L’ancienne ville de Belchite accueillait deux couvents : le couvent de Saint-Raphaël, à côté de l’église Saint-Martin, et le couvent des Augustins.
Selon certaines sources anciennes, la première référence certaine à l’établissement d’une communauté d’Augustins à Belchite remonte à 1594, année où l’archevêque de Saragosse accorda une licence à l’ordre pour fonder un couvent dans l’ermitage Sainte-Marie du Pueyo, à une heure de marche de la localité. Cependant, les conditions environnantes étant très difficiles, les moines s’établirent dans la zone des fermes en 1597. Ils y construisirent leur monastère aux XVIIe et XVIIIe siècles sans en être inquiété par la couronne qui se montra tolérante.

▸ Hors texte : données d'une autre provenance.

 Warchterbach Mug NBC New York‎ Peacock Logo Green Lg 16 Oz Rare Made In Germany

Cependant, après que les moines eurent été expulsés à la suite du désamortissement de 1835, ce temple fut la proie d’un incendie durant la révolution de 1868 et, malgré une réhabilitation partielle destinée au culte, il tomba définitivement en ruine après avoir été la cible de tirs d'artillerie et de combats d'infanterie lors de la guerre civile Espagnole en 1937.

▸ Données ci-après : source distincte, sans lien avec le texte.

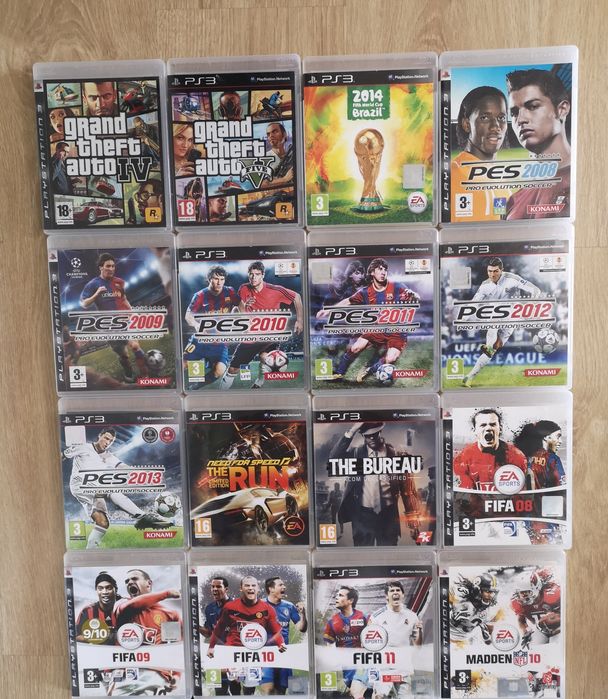 Lote de 38 jogos para PS3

À noter que le désamortissement est un processus économique entamé en Espagne à la fin du XVIIIe siècle sous Manuel Godoy et qui se prolongea jusqu’au XXe siècle. Il peut être comparé à la nationalisation des biens du clergé durant la Révolution française. Il consistait à mettre aux enchères publiques des terres et des biens dits de « mainmorte », c’est-à-dire des biens échappant au droit de succession et ne pouvant être transmis. Ces propriétés étaient généralement détenues par des communautés religieuses, des institutions publiques comme l'administration ou l'état ou certaines entités indépendantes comme les seigneurs locaux. Néanmoins, dans l’immense majorité des cas, il s’agissait des biens de l’Église catholique et des ordres religieux, accumulés au fil des siècles grâce aux legs et aux donations, ainsi que de certaines propriétés foncières appartenant à la noblesse.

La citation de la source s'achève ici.